ResNet20 on CIFAR-10: Pruning
Tip
It would take about 3 hours on Google Colab but can be run as fast as in 1 hour if you use a better GPU. You can expect slightly different accuracies than reported below depending on the system you run this notebook in. The purpose of this notebook is to demonstrate the workflow of pruning using Model Optimizer and not to achieve the best accuracy.
In this tutorial, we will use Model Optimizer to make the ResNet model faster for our target deployment constraints using pruning without sacrificing much accuracy!
By the end of this tutorial, you will:
Understand how to use Model Optimizer to prune a user-provided model to the best performing subnet architecture fitting your target deployment constraints.
Save and restore your pruned model for downstream tasks like fine-tuning and inference.
All of this with just a few lines of code! Yes, it’s that simple!
Let’s first install Model Optimizer
following the installation steps.
[ ]:
%pip install "nvidia-modelopt[torch]" --extra-index-url https://pypi.nvidia.com
[2]:
import math
import os
import random
import numpy as np
import torch
import torch.nn as nn
import torch.nn.functional as F
import torchvision
import torchvision.transforms as transforms
from torchvision.models.resnet import BasicBlock
from tqdm.auto import tqdm
seed = 123
random.seed(seed)
np.random.seed(seed)
torch.manual_seed(seed)
device = torch.device("cuda")
CIFAR-10 Dataset for Image Classification
For this tutorial, we will be working with the well known CIFAR-10 dataset for image classification.

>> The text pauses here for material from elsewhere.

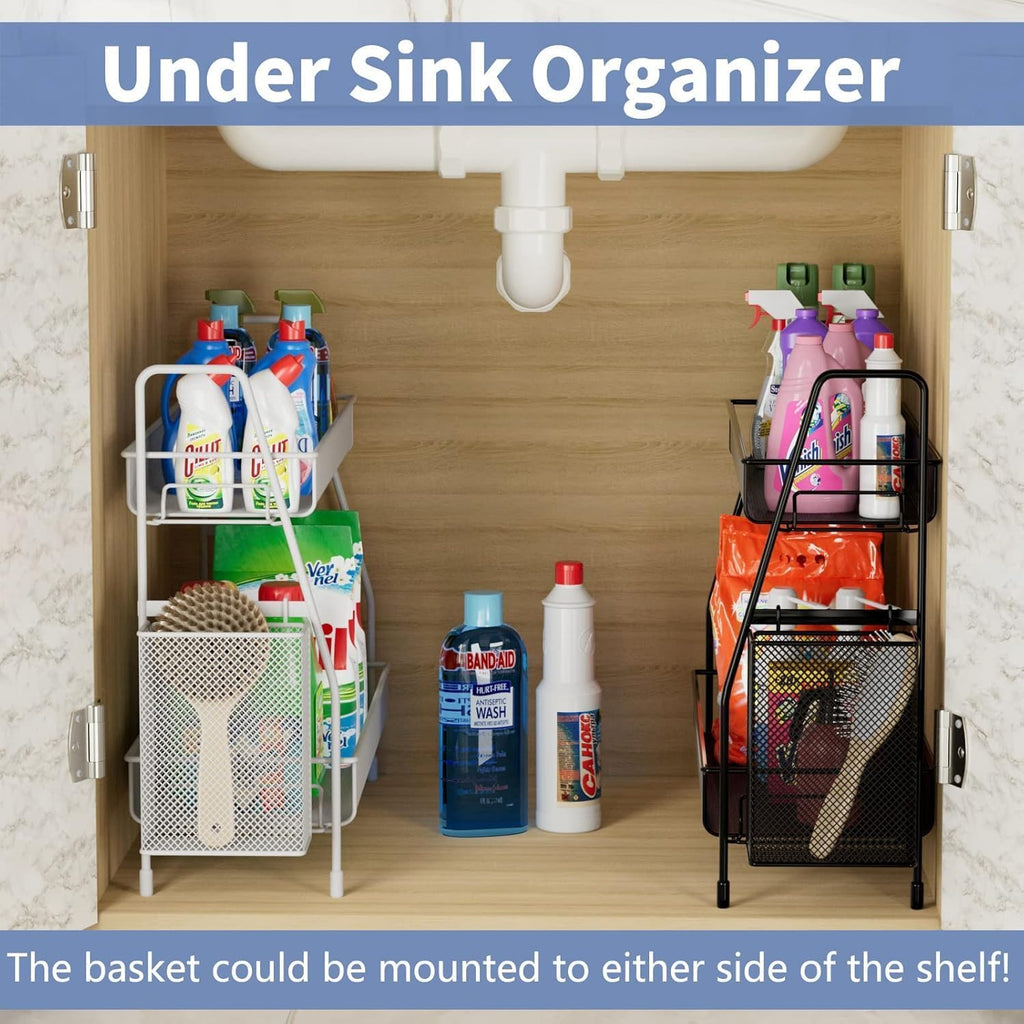 EKNITEY Bathroom Countertop Organizer Shelf - 3 Tier Counter Spice Rack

The dataset consists of 60k 32x32 images from 10 classes split into 50k training and 10k testing images. We will further take 5k randomly out from the training set to make it our validation set.
[3]:
def get_cifar10_dataloaders(train_batch_size: int):
"""Return Train-Val-Test data loaders for the CIFAR-10 dataset."""
np.random.seed(seed)
normalize = transforms.Normalize(mean=[0.4914, 0.4822, 0.4465], std=[0.2470, 0.2435, 0.2616])
# Split Train dataset into Train-Val datasets
train_dataset = torchvision.datasets.CIFAR10(
root="./data",
train=True,
transform=transforms.Compose(
[
transforms.ToTensor(),
transforms.RandomHorizontalFlip(),
transforms.RandomCrop(32, 4),
normalize,
]
),
download=True,
)
n_trainval = len(train_dataset)
n_train = int(n_trainval * 0.9)
ids = np.arange(n_trainval)
np.random.shuffle(ids)
train_ids, val_ids = ids[:n_train], ids[n_train:]
train_dataset.data = train_dataset.data[train_ids]
train_dataset.targets = np.array(train_dataset.targets)[train_ids]
val_dataset = torchvision.datasets.CIFAR10(
root="./data",
train=True,
transform=transforms.Compose([transforms.ToTensor(), normalize]),
download=True,
)
val_dataset.data = val_dataset.data[val_ids]
val_dataset.targets = np.array(val_dataset.targets)[val_ids]
test_dataset = torchvision.datasets.CIFAR10(
root="./data",
train=False,
transform=val_dataset.transform,
download=True,
)
num_workers = min(8, os.cpu_count())
train_loader = torch.utils.data.DataLoader(
train_dataset, train_batch_size, num_workers=num_workers, pin_memory=True, shuffle=True
)
val_loader = torch.utils.data.DataLoader(
val_dataset, batch_size=1024, num_workers=num_workers, pin_memory=True
)
test_loader = torch.utils.data.DataLoader(
test_dataset, batch_size=1024, num_workers=num_workers, pin_memory=True
)
print(f"Train: {len(train_dataset)}, Val: {len(val_dataset)}, Test: {len(test_dataset)}")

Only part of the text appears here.